In Texas there is no buy-back regulation for consumer generated power as of June 2022. 38 of the 50 states in the U.S. have a buyback rule.  1 to 1 for power you use vs generate. Example, if I use 20Kw at night/under producing times and generate 18KW surplus in a day. with a 1 to 1 plan, I am charged 2KW, without the 1 to 1 plan I may be charged for the full 20KW. No bill will be 0, in Texas ONCOR owns the power lines, so they have a monthly minimum plus a charge per KW. You need to know how your state works these charges.

We need to keep pushing in Texas for a consumer buyback 1:1 protection.

I switched "providers" to one that has the 1 to 1 rule initially. With my old provider I get 0 credit for surplus 12 months of the year. And wholesale power cost is in 5 minute increments, not daily/weekly. It matters.  A year later when it is time to sign up again, the 1 to 1 now charges me for the TDU, ONCOR charges.  They have also eliminated "roll over" value for my excess power to 1 month.

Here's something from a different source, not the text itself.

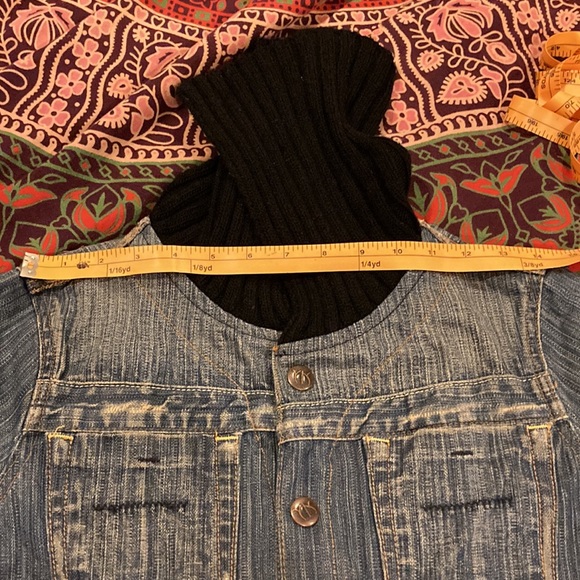 Yanuk Denim Jacket w/ Knit Shawl Collar & Cuffs S - Picture 9 of 10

Power was de-regulated in Texas years ago.  Power companies in Texas are similar to the long distance companies after the AT&T breakup.  There are a lot of them.  The power plans for solar change often. It is looking less and less free market as time goes by.

So how can a power company make money on solar?   I think the key is in the spot rate cost of power.   It is adjusted every 5 minutes in Texas.   It follows a peak demand curve.  Since AC is a large percent of power cost in southern states, it drives the peak demand cost.  My solar "over produces", during peak demand usually.  They sell my over-production at high cost times and provide my power needed at dusk/dark times with lower cost power.  That means what they provide vs what they sell is about equal, but they sell at high rate vs. providing at low rate.  That is where they make profit in my estimates.

My system is balanced to equal what I use over a year.  It was until Oncor did the numbers and took 1 panel away.  We averaged $30 a month for electricity for the first 3 hot months. Not bad, it will payback in about 7 years.  The biggest benefit is my wife can keep the temp low when it is hot.  She is not made for warm weather.